The summer ever-so-effortlessly turned to fall, my motivation to finish the project increased, but it was not always so easy. It’s hard to find time when school takes the first priority, and several perfect days were spent inside studying. With a difficult math exam looming and winter coming soon, the pressure began to build to finish it before the snow started flying. Fall is so fleeting and there are still so many other places for me to spend time looking, and to keep pushing things forward. I knew El Dakota was not the next big thing. The rock quality is wildly variable at best. Most who have visited have not returned. It is a small area. There isn’t “endless potential” or the “best rock I’ve ever seen”. But I have a vision for what I want climbing to be for me. I’m looking for solitude, adventure, good rock, big lines, first ascents, and wild places. It fit the bill so perfectly I had to give it a serious effort. It was a big commitment, one I feared would be over before I knew it if the snow came too soon. Thankfully the stable weather held, giving me numerous clear days to put in the work necessary for such a line. All the while the aspens put on a brilliant display, tinged with red.

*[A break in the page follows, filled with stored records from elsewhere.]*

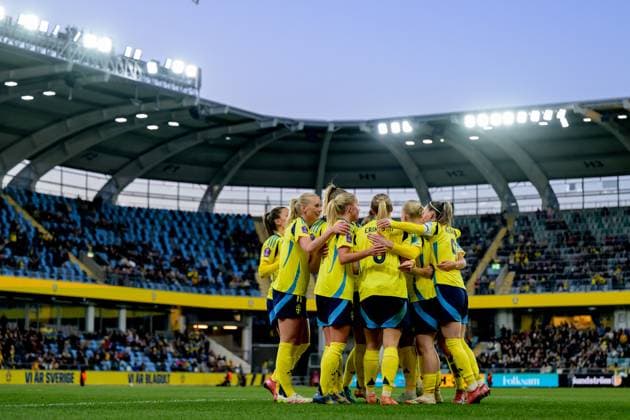 250408 Players of Sweden celerbrate the 1-0 goal by Magdalena Eriksson during the UEFA Women s Nations League football match between Sweden and Wales on April 8, 2025 in Gothenburg. Photo: Mathias Bergeld BILDBYRAN kod MB MI0812 fotboll football soccer fotball nations league uefa womens nations league sverige sweden wales dam bbeng jubel Copyright: MATHIASxBERGELD BB250408MB100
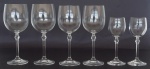 Lote em cristal composto de, 10 taças pra vinho tinto, 12 pra vinho branco e 12 pra licor, total 36 peças. OBS: RETIRADA NO LOCAL AV ATLANTICA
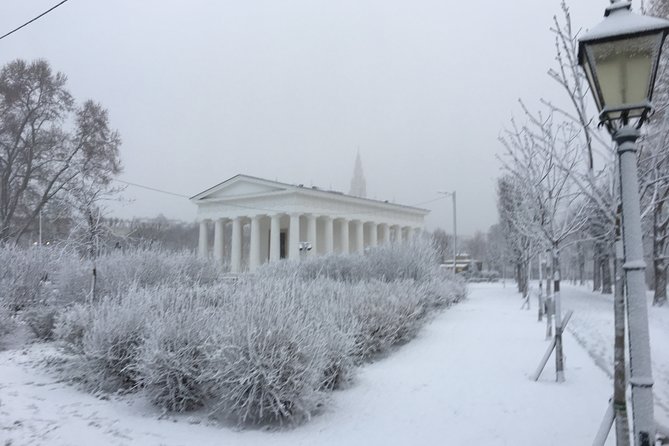 Vienna Christmas Tour - Karlsplatz finish at Art Advent: craft-minded, central, and easy to keep going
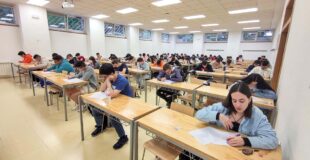 estudiantes en el aula realizando exámenes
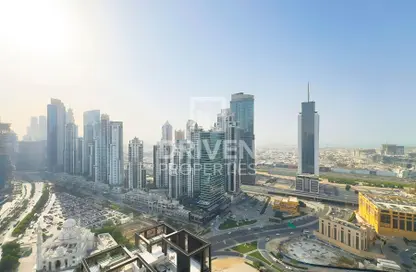 Apartment - 2 Bedrooms - 3 Bathrooms for rent in Boulevard Crescent Tower 1 - BLVD Crescent - Downtown Dubai - Dubai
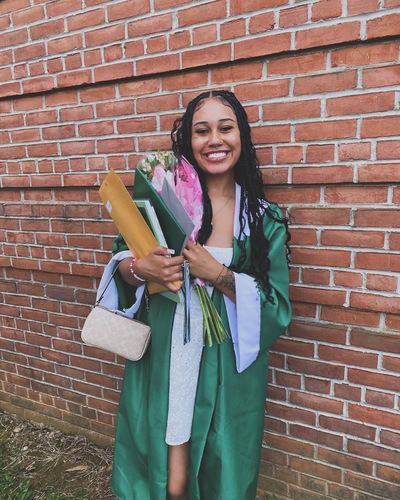 Demetria H - Kaplan University-Hagerstown Campus Babysitter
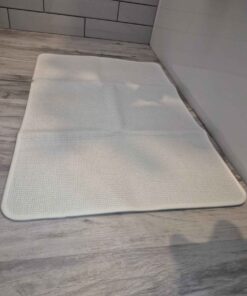 White bath mat
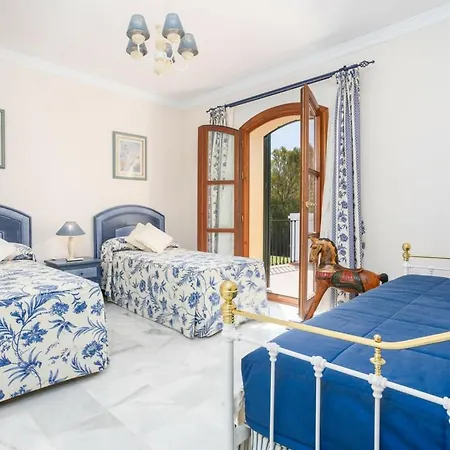 Villa Unique On A Golf Court Near Puerto Banus And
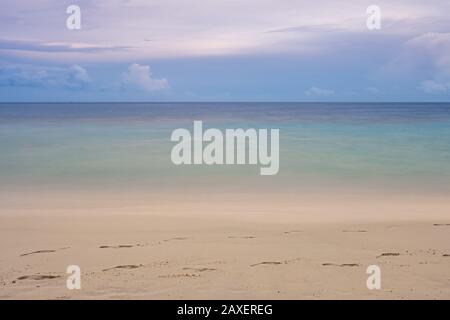 Une longue exposition apaisante à une superbe scène de plage au magnifique W Hotel aux Maldives Banque D'Images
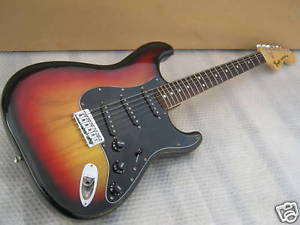 1979 FENDER STRATOCASTER USA / SUPER CLEAN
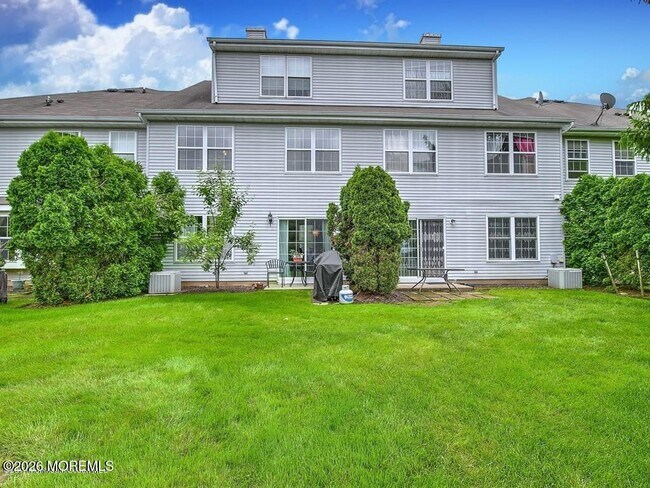Building Photo - 761 Banyan Ct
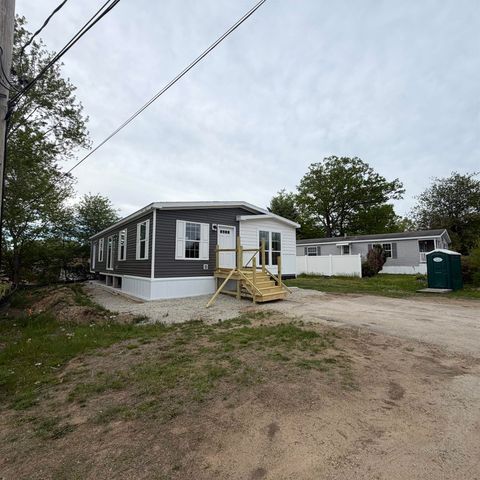 19 WEST Lane, Rochester, NH 03867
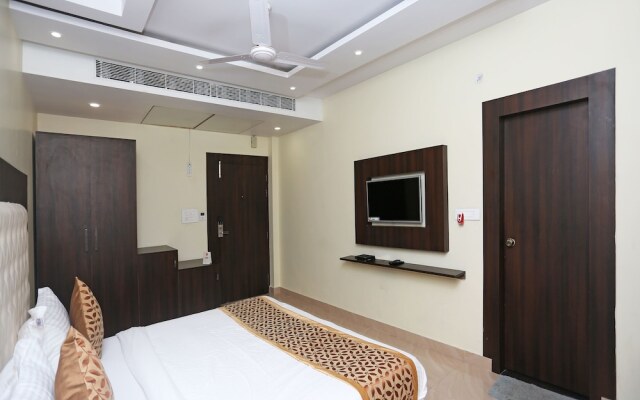 Oyo 14298 Nareshons Blue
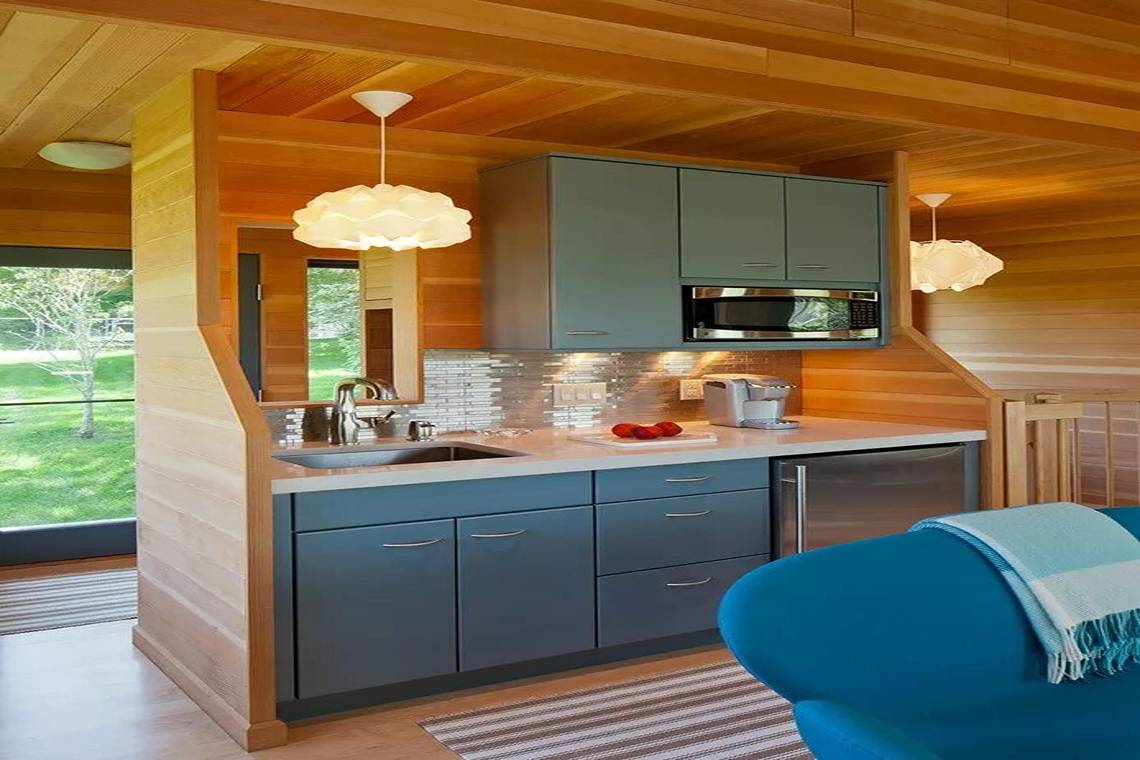 дизайн современной кухни в голубых тонах из дерева на даче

Eventually winter started to call, and there were less leaves on the trees than on the ground. It was time to push hard to the finish.
Oct 31st: Fall was starting to slip away and I went to the mountain alone. Much of the dirt road was covered in snow which made the going slow. Two moose crossed the road in front of me. It took two 40 minute trips up the 1,000 ft trudge with three pads both times to even give myself a chance to try and it still wasn’t enough. It was an exhaustive effort that took a lot of energy out of me. I probably rapped down the top five times to clean it properly and figure out a reasonable sequence that brought the difficulty down to 5.10 or so. There was a fear I may pull off a loose block and I had no interest doing the 25+ft topout slab if I wasn’t sure I could climb it as safely as possible. I was a little nervous being up there on a rope looking down, knowing that if I really wanted to do this thing I would have to be up there ropeless. The clouds gathered and a large animal moved about in the woods below that I heard but never saw. I yelled out but the sound was gone. The wind picked up, the sky darkened, and I was alone. I went home as the project loomed large in my mind.

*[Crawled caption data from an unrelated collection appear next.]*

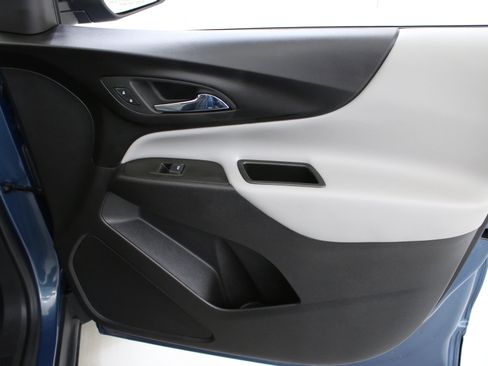 Used 2024 Chevrolet Equinox LS w/ LPO, Floor Liner Package image 31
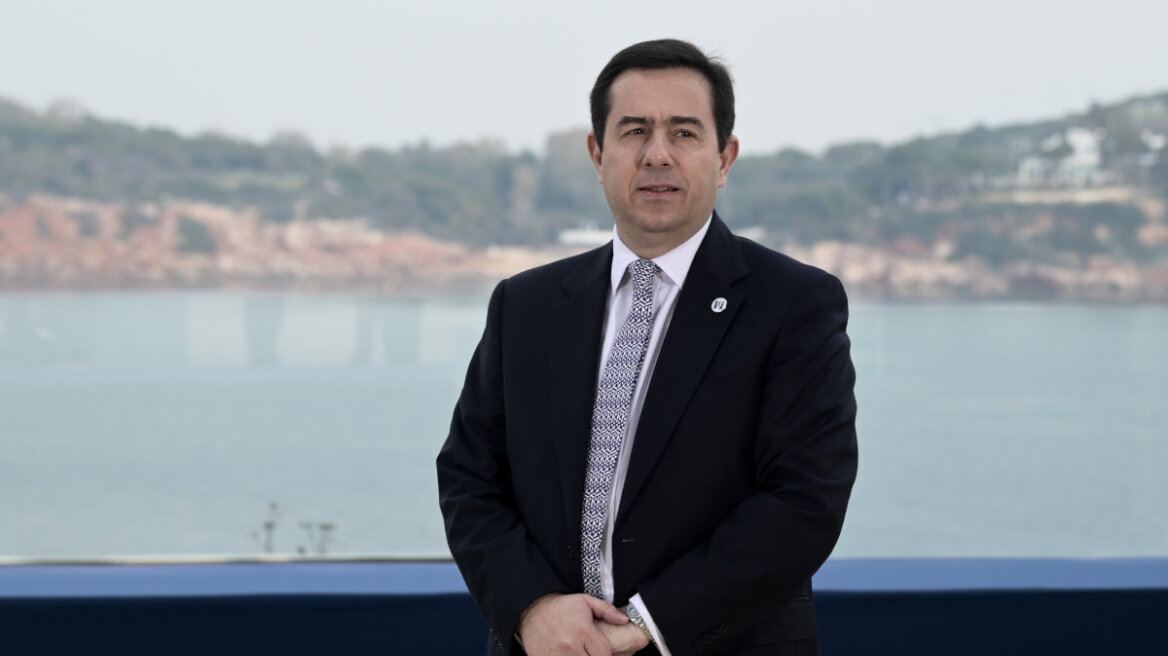 Μηταράκης για ναυάγιο στην Πύλο: 5 εκατ. δολάρια τα έσοδα για τον διακινητή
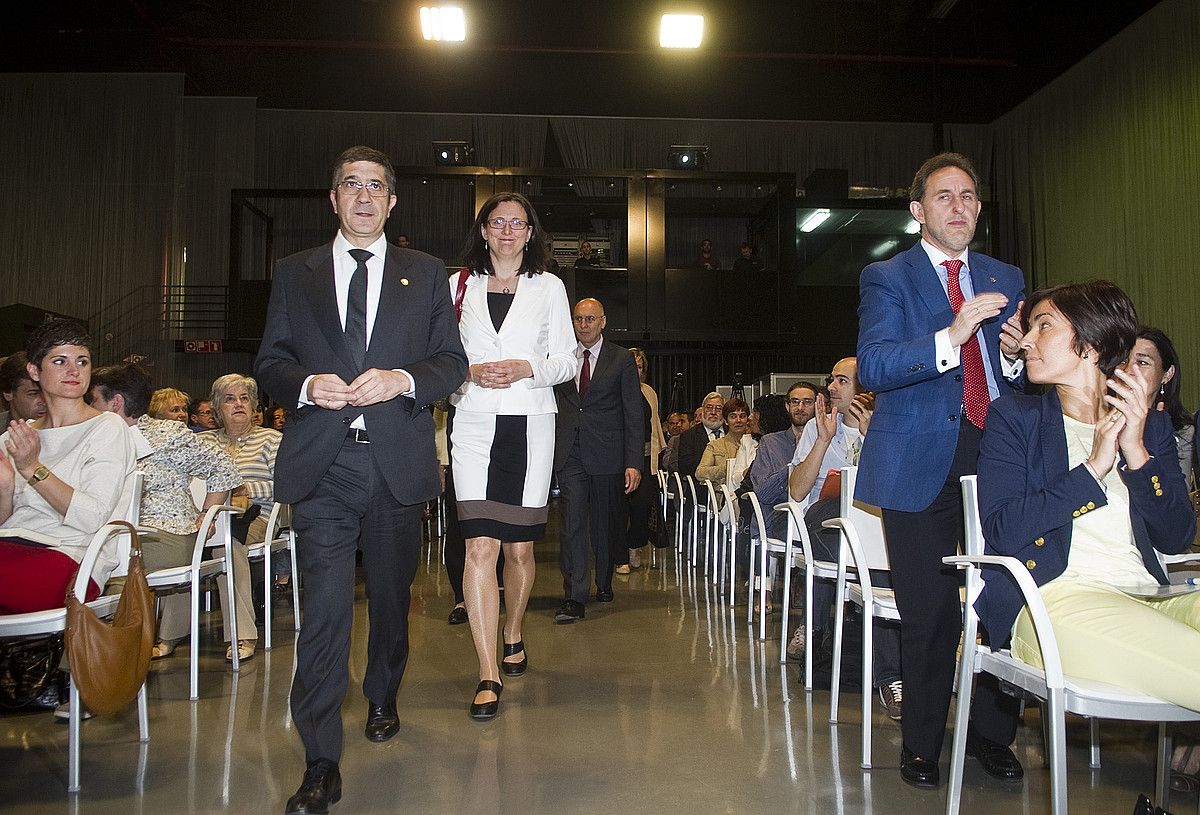 Patxi Lopez, Cecilia Malmstrom eta Rodolfo Ares, atzo, Memoria eta Bizikidetzari buruzko Biltzarraren hasiera ekitaldian. LUIS JAUREGIALTZO / ARGAZKI PRESS.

Nov 2nd: I finally got the day I was looking for. Wendy and Collin decided to join me and it was great to have them there for support. We arrived late in the night and camped on the edge of a now leafless aspen grove. A million stars hung in the dark sky. The morning was brisk and the wind was sharp. Perfect conditions. Motivation was high. I rapped down the top once again and climbed the slab easily on a rope. Knowing for the first time that the door had truly opened. I sat down and settled my mind. I entered a zone of total and complete focus, and fired it first try. The tall slab, to which I had devoted much nervous energy fretting over went totally smoothly as my drive and focus to complete the line superseded any and all worries.

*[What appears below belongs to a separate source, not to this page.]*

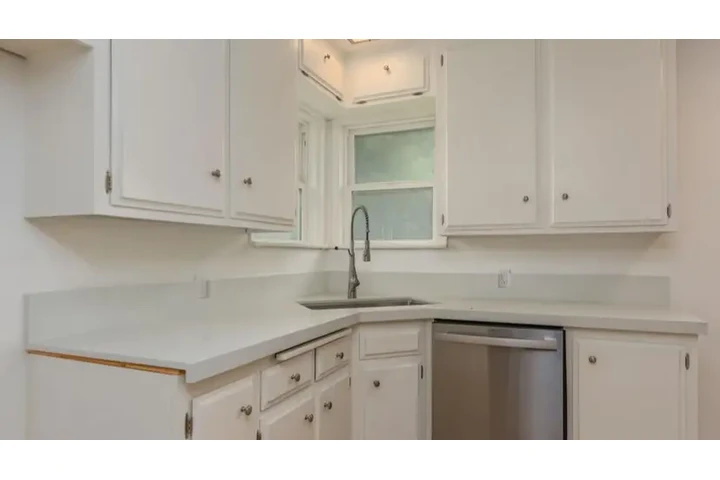 $1450 : Available 1Bedroom Apt image 5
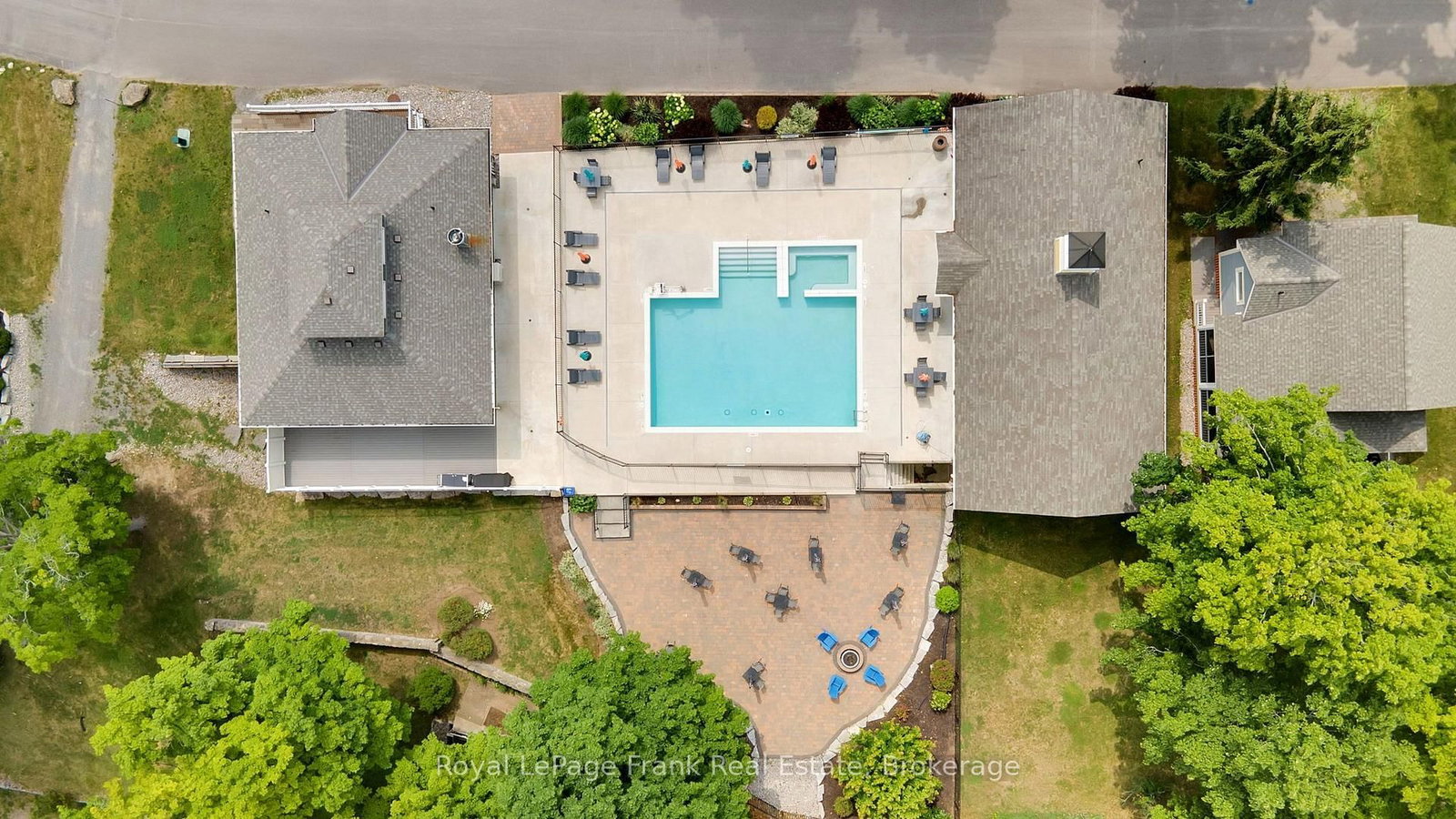 11 Hollow Lane • #219 • Prince Edward County, ON photo 36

I may never climb a better first ascent. I may never have time to devote to such an endeavor again. I hope that is not the case, but real life responsibilities are slowly mounting. It’s a choice I’ve made and am happy about, but it’s nice to stop and enjoy the rewards of all the hard work. As a good friend once said, “That’s why we do it!”
As I celebrated on top, two hunters came running over to see what all the racket was about. “What did you kill?” “Nothing” I said, but in my head I yelled “MY PROJECT!”. They were kind and I apologized for the noise I had made. I was elated to have finished it. It was a perfect end to a long and difficult struggle. We hiked out as snow blew through the air and the wind whipped across the open fields, and I had snagged the best first ascent of my life, The Hunter V12.